Per una strana coincidenza, la notizia della sua dipartita mi è arrivata quando avevo appena cominciato a leggere un libro dedicato al fondatore di Giovane Europa, Jean Thiriart. Libro cui ora rimando come omaggio a Bruschi, che quelle idee mi fece conoscere.
Lo studio di Lorenzo Disogra, L’Europa come rivoluzione. Pensiero e azione di Jean Thiriart, è stato pubblicato dalle Edizioni all’insegna del Veltro nel 2020 (al modico costo di 15 euro, si può ordinare a edizioni@insegnadelveltro.it). Si tratta di uno studio che rielabora la tesi di laurea in Scienze politiche discussa all’università di Parma, dandole un taglio meno accademico e più politologico. La Prefazione è di Franco Cardini e l’Appendice di Claudio Mutti, che integrano perfettamente quanto scrive il giovane ricercatore. Il saggio di Cardini non è soltanto un sentito amarcord degli anni e delle persone che lo videro guidare ideologicamente la sezione fiorentina di GE, ma, come vedremo, una indispensabile chiave di lettura del pensiero e dall’azione di Thiriart, mentre quello di Mutti è una ricostruzione non solo della biografia thiriartiana, ma anche dell’esperienza italiana del movimento, al quale, lo dico subito con orgoglio, ho appartenuto.

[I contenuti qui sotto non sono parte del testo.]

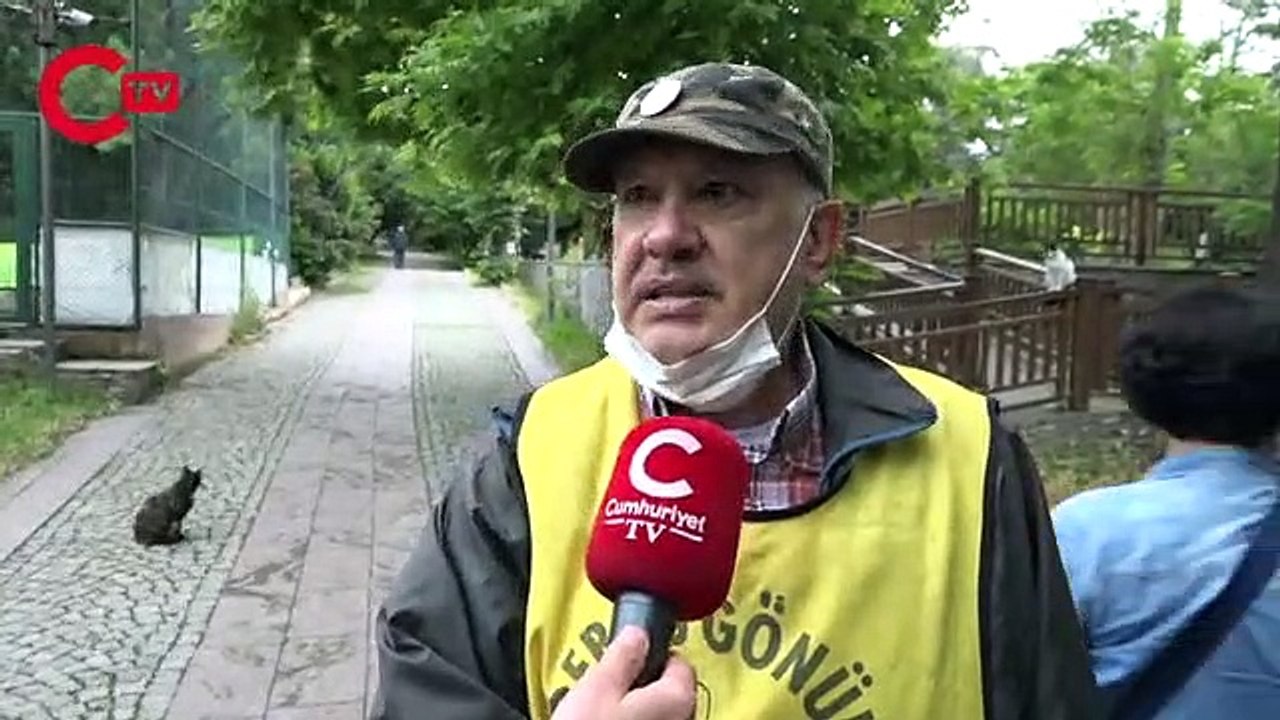 Validebağ Korusu'nu park-bahçe yapma projesi! Başkan Türkmen'e zor sorular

Jean Thiriart nasce a Bruxelles il 22 marzo del 1922. Da giovane milita in organizzazioni di sinistra antifasciste, per passare poi, con altri nazionalbolscevichi, agli Amis du Grand Reich Allemand. Adesione che gli costerà una condanna a morte in contumacia e alcuni anni di carcere nel dopoguerra.
L’itinerario politico e ideologico di Thiriart, personaggio caduto nell’oblio dopo la sua morte nel 1992, è stato solo in anni recenti studiato grazie soprattutto a ricercatori di area francofona. In Italia alcuni suoi importanti scritti sono stati pubblicati da Claudio Mutti, ma non avevamo un lavoro esaustivo e documentato, come si nota dalla bibliografia riportata in appendice, da cui comunque, stranamente, manca di Giovanni Tarantino, Da Giovane Europa ai Campi Hobbit, Controcorrente, Napoli 2011.

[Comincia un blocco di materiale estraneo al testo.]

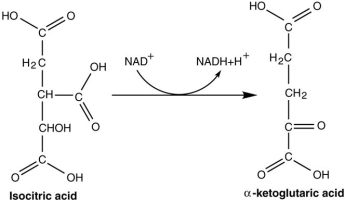 Figure 5.1   Which compound is being reduced in the reaction shown in Figure 5.1? A)  α-ketoglutaric acid and NAD+ B)  NADH and isocitric acid C)  NADH D)  isocitric acid and α-ketoglutaric acid E)  NAD+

La sua biografia, che per brevità non possiamo ripercorrere, rimandando a Yannick Sauveur, Qui suis-je? Thiriart, Pardès, Grez-sur-Loing 2016, per molti versi ricorda quella di altri che hanno cercato di conciliare l’estrema destra con l’estrema sinistra, categorie che però il Belga non amava fossero riferite a lui. Della destra rifiutava il servilismo nutrito nei confronti degli USA dai “piccoli nazionalisti imbecilli” e alla sinistra rinfacciava il tradimento dell’idea rivoluzionaria.

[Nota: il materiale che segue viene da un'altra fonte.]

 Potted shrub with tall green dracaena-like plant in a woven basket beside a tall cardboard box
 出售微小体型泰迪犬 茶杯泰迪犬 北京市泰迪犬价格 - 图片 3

In realtà Thiriart era al di là della destra e della sinistra, troppo al di là per i suoi tempi, dominati ideologicamente dallo spartiacque comunismo/anticomunismo. Come ricorda Disogra, negli anni Sessanta Thiriart era troppo europeista per i nazionalisti, troppo comunista per i fascisti e troppo fascista per i comunisti.
Thiriart era secondo Sauveur un “rivoluzionario inclassificabile”, mentre per Claudio Mutti era un “geopolitico militante”. Quello che resta di lui è la componente evidenziata da Mutti, direttore della rivista Eurasia, cioè l’avere compreso prima di altri e prima, purtroppo, che i tempi fossero maturi, la dimensione politologica che ne rende attuale oggi il pensiero, mentre l’aspirazione rivoluzionaria, nella società europea odierna, non ha alcuna possibilità di affermazione.
Thiriart, sintetizza Disogra, credeva in una Europa unita, sovrana, e indipendente, che, aggiungiamo, doveva nascere dalle ceneri dell’atlantismo e del comunismo sovietico.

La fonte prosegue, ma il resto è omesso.